# bore / stroke (engine)



## panderetita1986

Dear people,

I have a list of an engine specifications and I am stuck with this sentence:

_Bore and Stroke_: 4.92" X 5.79" 
 
Can anybody help me with it?


----------



## araceli

Hola:

Agendate este glosario técnico que te va a ser muy útil:

http://www.sapiensman.com/ESDictionary/B/Technical_vocabulary_Spanish(B16).htm

Empecé buscando bore, hay muchas definiciones, seguramente vas a encontrar la que cuadra.

Saludos.


----------



## panderetita1986

¡¡Muchas gracias Araceli!! Ya pensaba que se habían olvidado de este thread...


----------



## araceli

De nada, panderetita, lo que pasa que hay mucha gente de vacaciones.


----------



## rholt

bore = diametro 
stroke = recorrido


----------



## psicutrinius

En un motor de pistón, bore = diámetro (del cilindro), y stroke = carrera (también del cilindro), en la "jerga" de los especialistas en motores (por lo menos en España).

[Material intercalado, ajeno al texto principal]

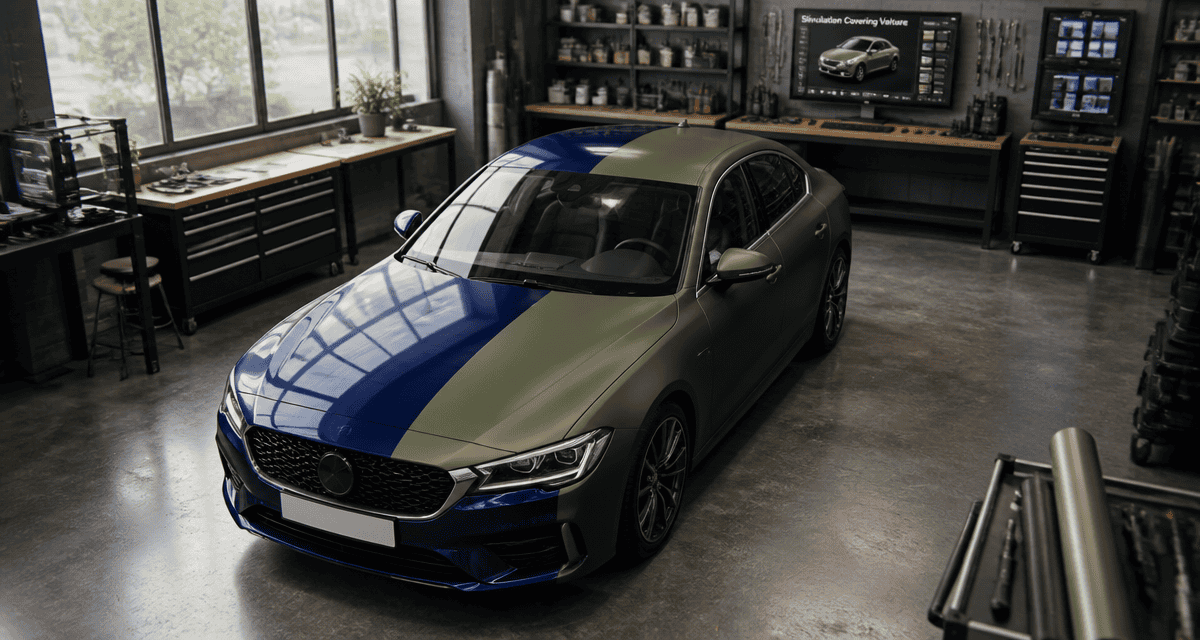 simulation covering voiture sur berline en atelier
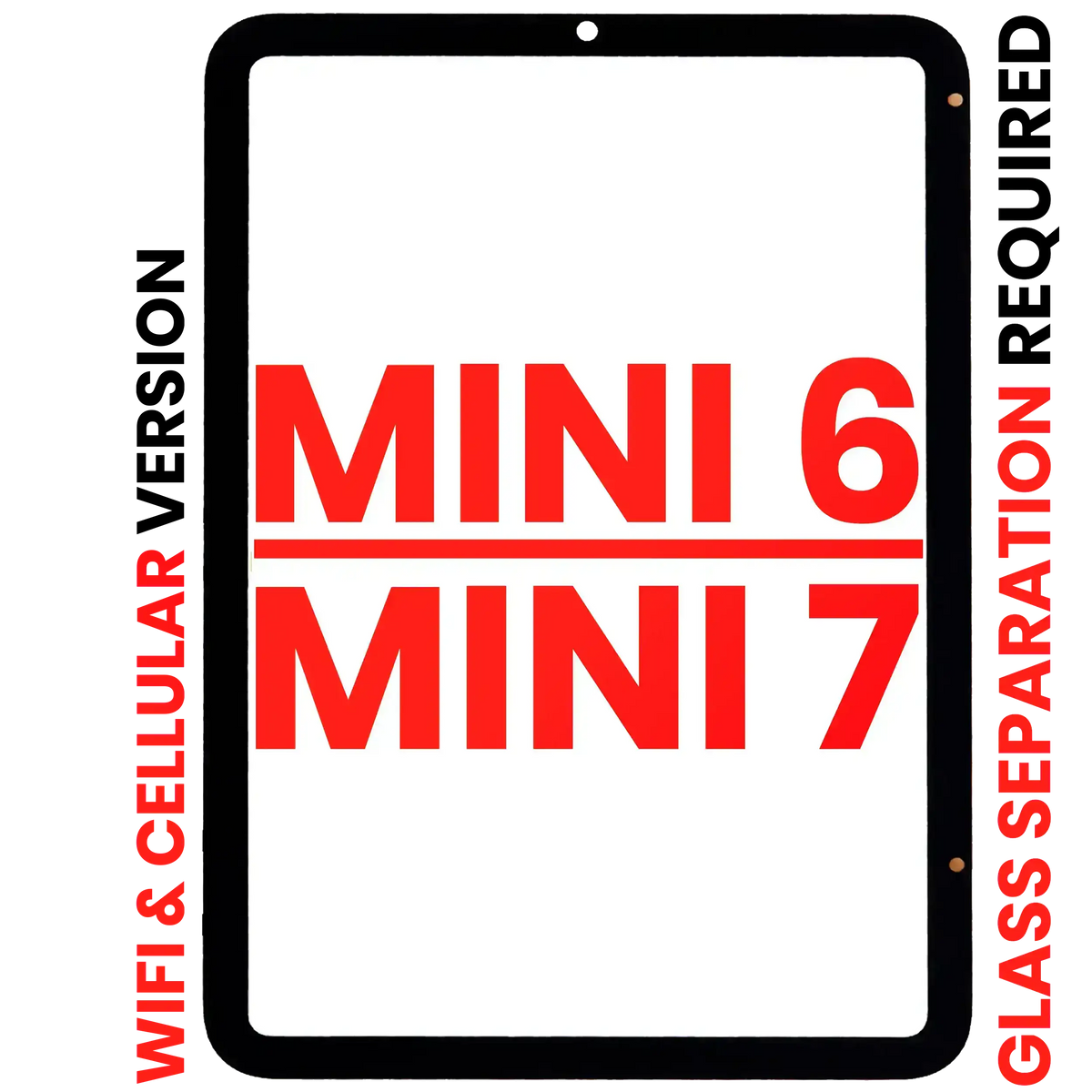 Digitizer Compatible For iPad Mini 6 (2021) / Mini 7 (2024) (WiFi / Cellular) (Glass Separation Required) (Aftermarket Plus) (All Colors)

Como siempre, rholt acertó y no trato de corregirle. Sólo puntualizar. Un ingeniero proyectista, aquí, lo traduciría con estas palabras exactamente


----------



## panderetita1986

Gracias a todos, ya daba el thread por perdido pero entre ayer y hoy el "panel de expertos" que ya me ha ayudado varias veces acude nuevamente a mi auxilio. ¡Gracias Araceli, Rholt y Psicutrinius! )


----------



## psicutrinius

Panderetita, para eso está el foro, ¿no?. Ya sabes, hoy por ti, mañana por mí...


----------



## panderetita1986

Es cierto. Igual hay que convenir que hay _algunos/as_ que preguntamos más de lo que respondemos en términos generales..... ¡Gracias!


----------



## jasso

Hola, soy estudiante de ingenieria y buscando informacion sobre un motor de combustion interna de un auto me encontre con la especificacion _*"Bore x Stroke" *_pero no entiendo que significa en español, podrian ayudarme porfavor


----------



## jalibusa

Diámetro y recorrido (carrera) del pistón. La "x" no quiere decir que se multiplica, es como decir que una madera es de 2 x 4.


----------



## jasso

Muchas gracias x tu ayuda


----------



## karlos_s_r

Alguien podria ayudarme a traducir estos terminos . Gracias


----------



## Ferbabru

Tengo la duda de cómo se traduciría en esta frase: 

"as the longer stroke 74.5 x 57.3mm engine was treated to a compression ratio of 14.5 to one, up there with the other big hitters"


----------



## chechocol

Hola.  En motores de combustión interna, se hace referencia al tamaño del motor con el volumen desplazado en total por todos los cilindros, calculando el recorrido del pistón al interior del mismo. De este modo, los términos BORE x STROKE hacen referencia a lo que en español se llama DIÁMETRO x CARRERA.  O sea, se toma el diámetro del cilindro, se calcula el área del círculo correspondiente a la sección transversal del mismo, y se multiplica por la distancia que recorre el pistón, llamada carrera. De este modo, se tiene el volumen desplazado por cada cilindro.  Al multiplicar por el número de cilindros en el motor, se encuentra el cilindraje del mismo.


----------



## Milton Sand

chechocol said:


> Hola*:*  En motores de combustión interna, se hace referencia al tamaño del motor con el volumen desplazado en total por todos los cilindros, para calcular el recorrido del pistón al interior del mismo. De este modo, los términos "bore x stroke" hacen referencia a lo que en español se llama "diámetro x carrera".  O sea, se toma el diámetro del cilindro, se calcula el área del círculo correspondiente a su sección transversal del mismo, y se multiplica por la distancia que recorre el pistón, llamada carrera. De este modo, se tiene el volumen desplazado por cada cilindro.  Al multiplicar por el número de cilindros en el motor, se encuentra su cilindraje del mismo.


Hola:
Pero entonces, ¿"bore" y "stroke" significan 'diámetro' y 'carrera' respectivamente?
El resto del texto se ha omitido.